> Task details: Starting at the line that contains "Серый Мини Кантримен, объемом", return every line through the end of the data exactly, without pictures.

> Data for processing:
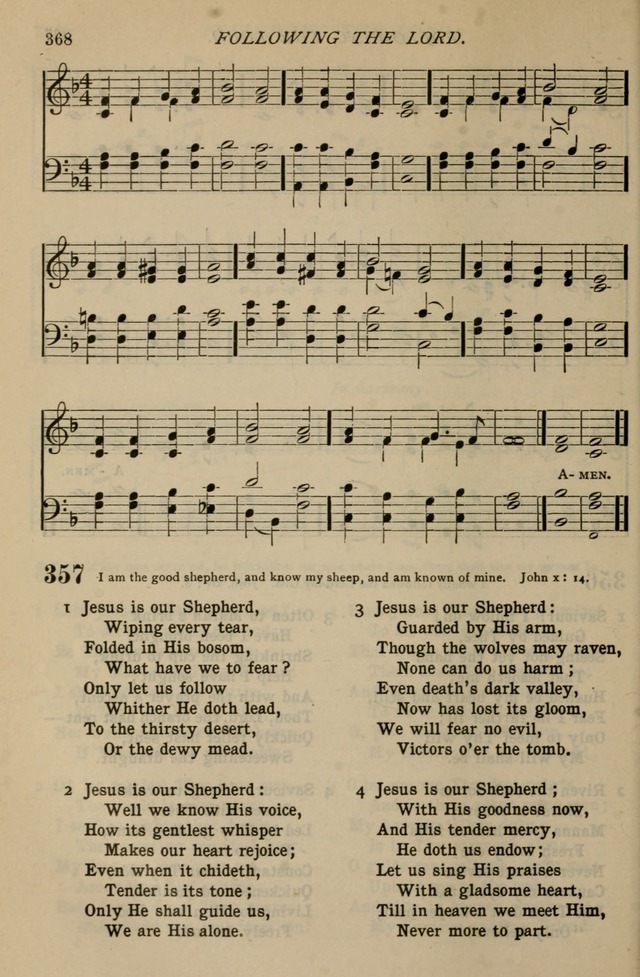 The Magnificat: hymns with tunes page 381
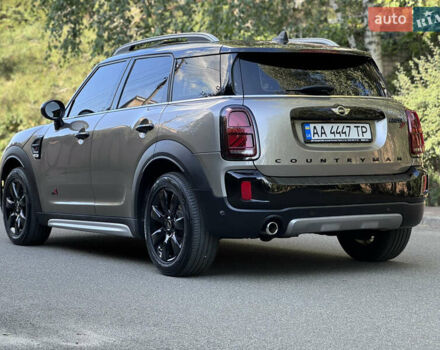 Серый Мини Кантримен, объемом двигателя 2 л и пробегом 77 тыс. км за 25000 $, фото 27 на Automoto.ua
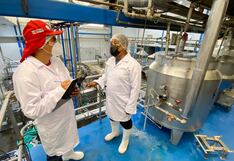 Sanipes ahora es la Autoridad Nacional de Sanidad e Inocuidad en Pesca y Acuicultura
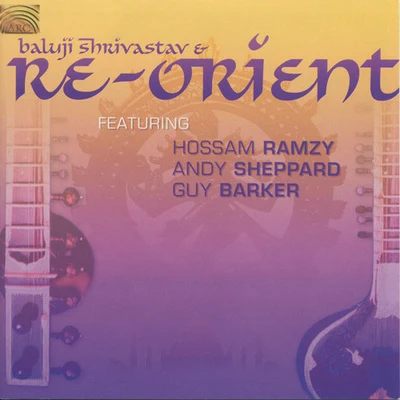 Re-OrientINDIA Re-Orient: Baluji Shrivastav and Re-Orient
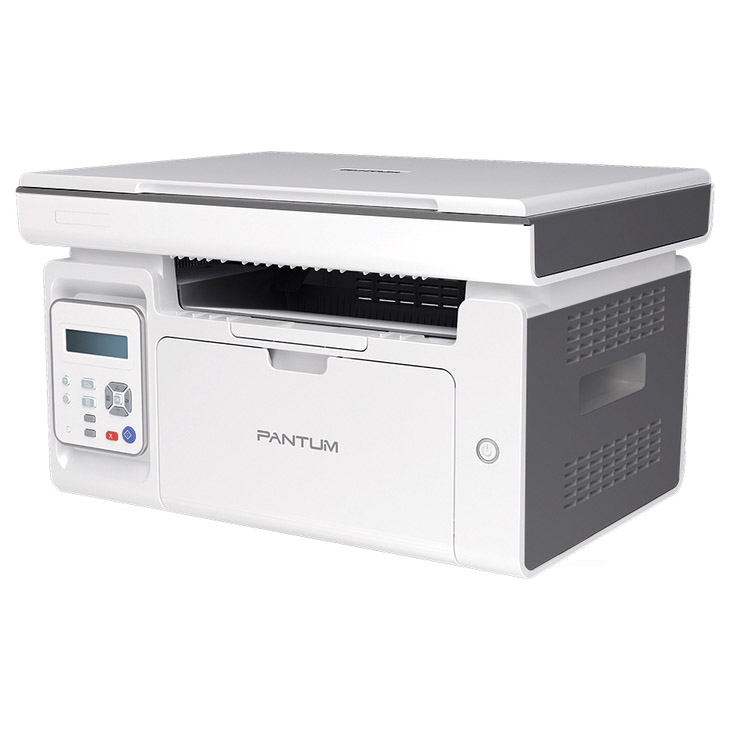 Pantum Монохромный лазерный МФУ Pantum M6507 фото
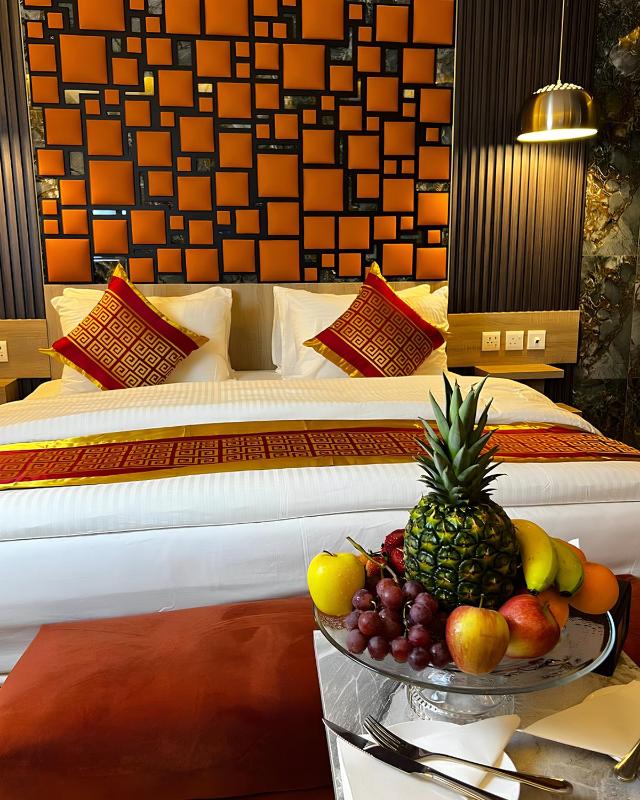 P Quattro Relax Hotel - image 12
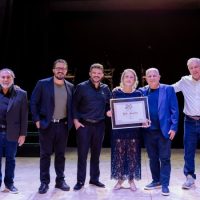 Liandra participa de comemoração dos 20 anos da Bello Alimentos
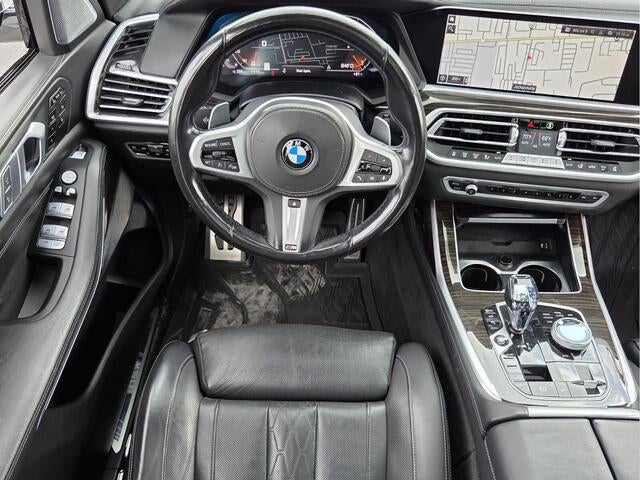 2021 BMW X7 M50i M50i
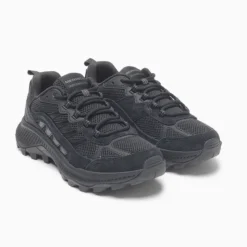 Zapatillas Merrell Negro Speed Strike 2 Trek W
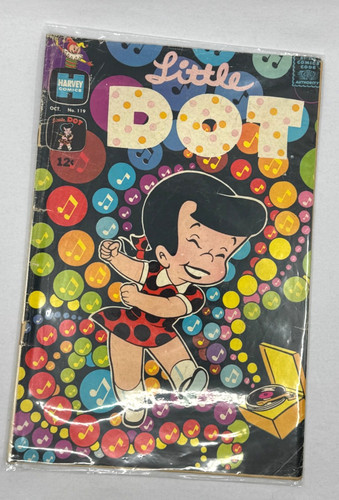 Little dot 119 fumetto - dot,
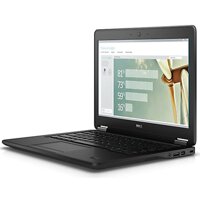 Laptop Dell Latitude E7250 - Intel Core i7-5600U 2.6Ghz, 8GB RAM, 256GB HDD, Intel Integrated HD Graphics 5500, 12.5 inh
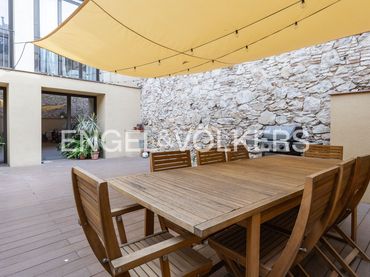 Maisonette mit Aufzug zum Verkauf in Eixample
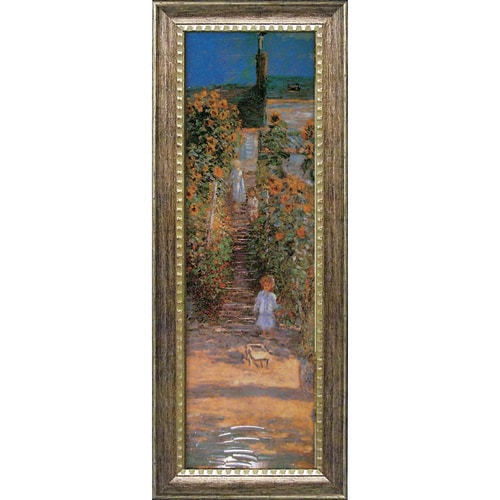 ミュージアムシリーズモネ ヴェトゥイユの画家の庭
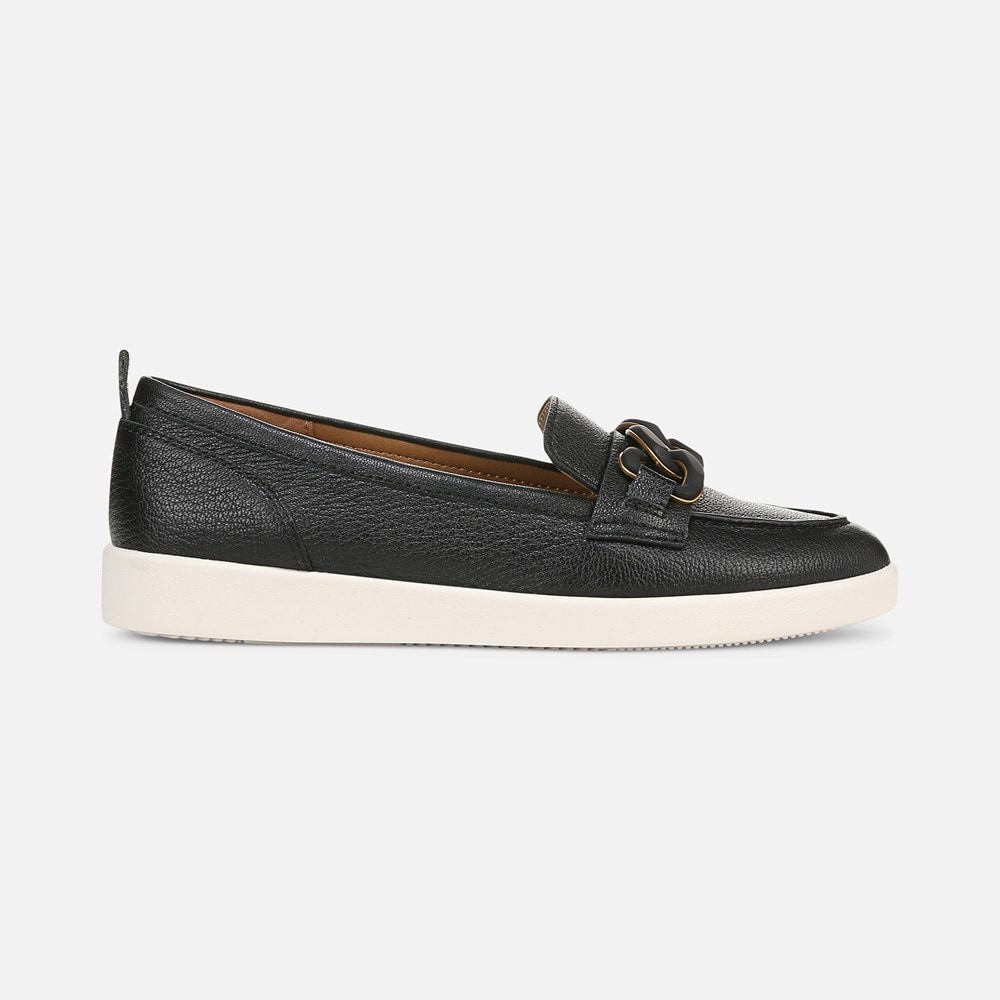 Naturalizer Kateri Bit Loafer - Black Leather Naturalizer Kateri Bit Loafer - Black Leather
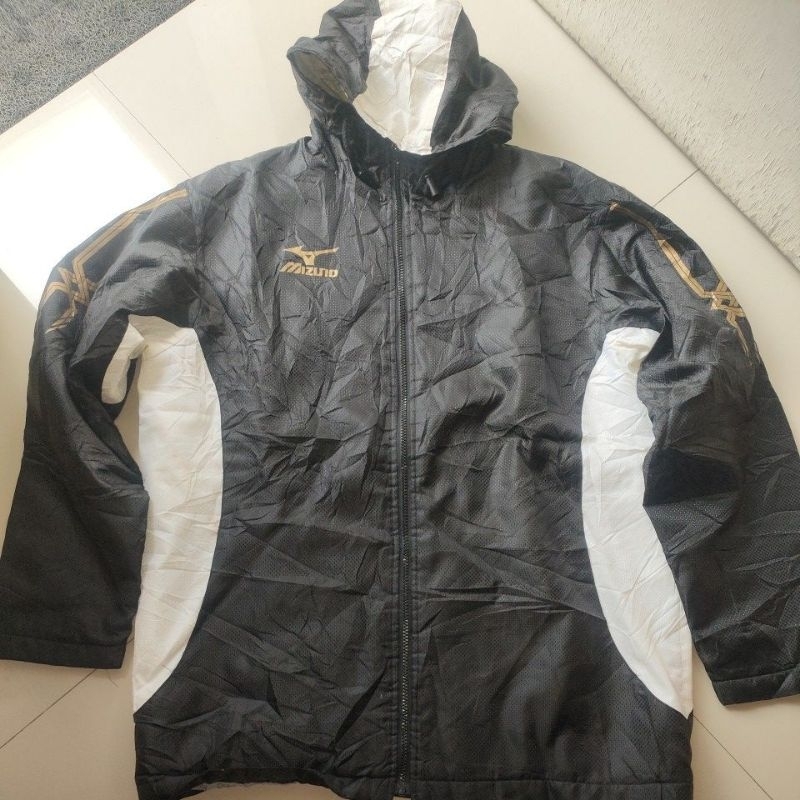 Jaket Sweater Hoodie Tebal Pria & Wanita Keren Warna Hitam Putih Murah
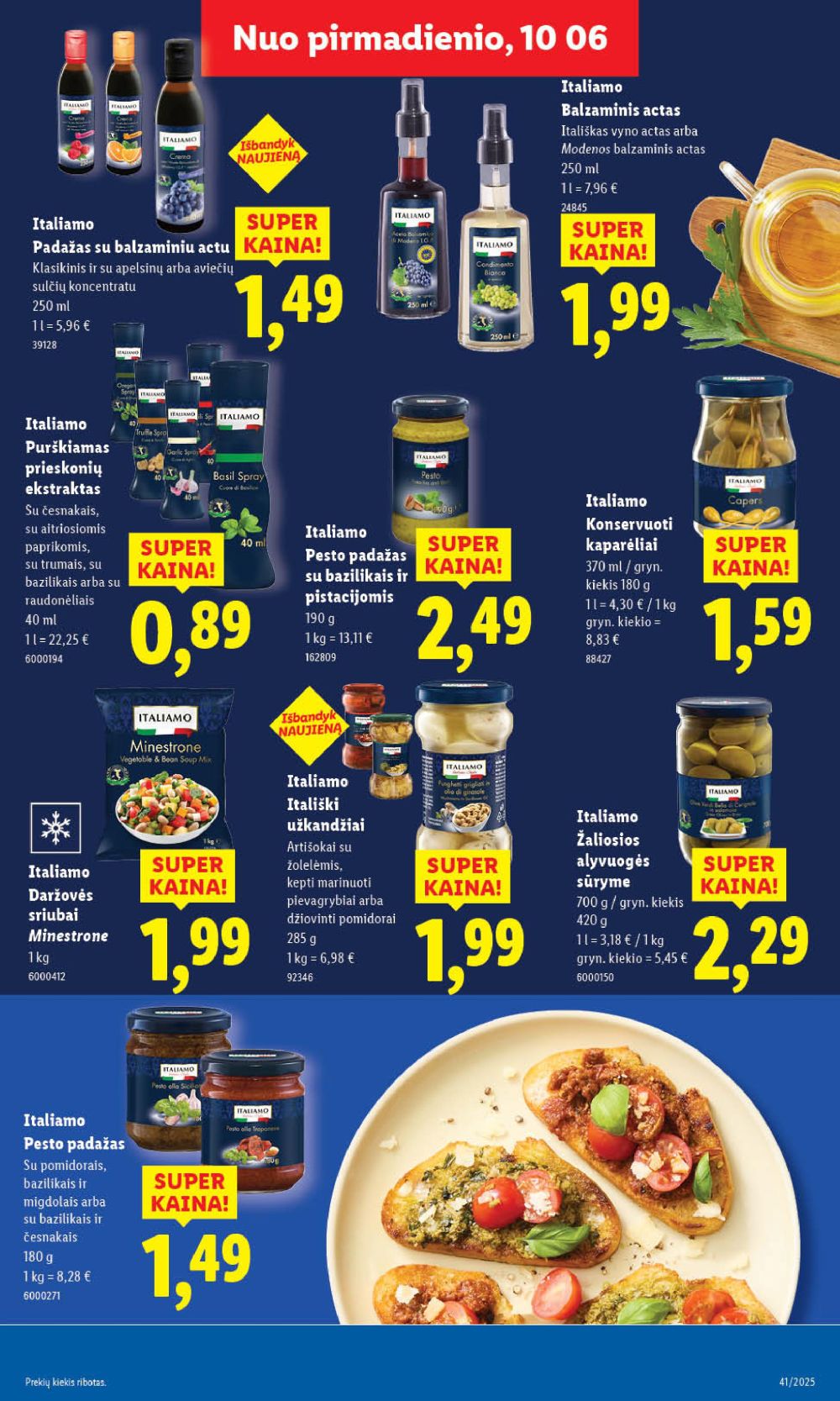 Leidinio nuotrauka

> Answer to this problem:
 Серый Мини Кантримен, объемом двигателя 2 л и пробегом 77 тыс. км за 25000 $, фото 27 на Automoto.ua
 Sanipes ahora es la Autoridad Nacional de Sanidad e Inocuidad en Pesca y Acuicultura
 Re-OrientINDIA Re-Orient: Baluji Shrivastav and Re-Orient
 Pantum Монохромный лазерный МФУ Pantum M6507 фото
 P Quattro Relax Hotel - image 12
 Liandra participa de comemoração dos 20 anos da Bello Alimentos
 2021 BMW X7 M50i M50i
 Zapatillas Merrell Negro Speed Strike 2 Trek W
 Little dot 119 fumetto - dot,
 Laptop Dell Latitude E7250 - Intel Core i7-5600U 2.6Ghz, 8GB RAM, 256GB HDD, Intel Integrated HD Graphics 5500, 12.5 inh
 Maisonette mit Aufzug zum Verkauf in Eixample
 ミュージアムシリーズモネ ヴェトゥイユの画家の庭
 Naturalizer Kateri Bit Loafer - Black Leather Naturalizer Kateri Bit Loafer - Black Leather
 Jaket Sweater Hoodie Tebal Pria & Wanita Keren Warna Hitam Putih Murah
 Leidinio nuotrauka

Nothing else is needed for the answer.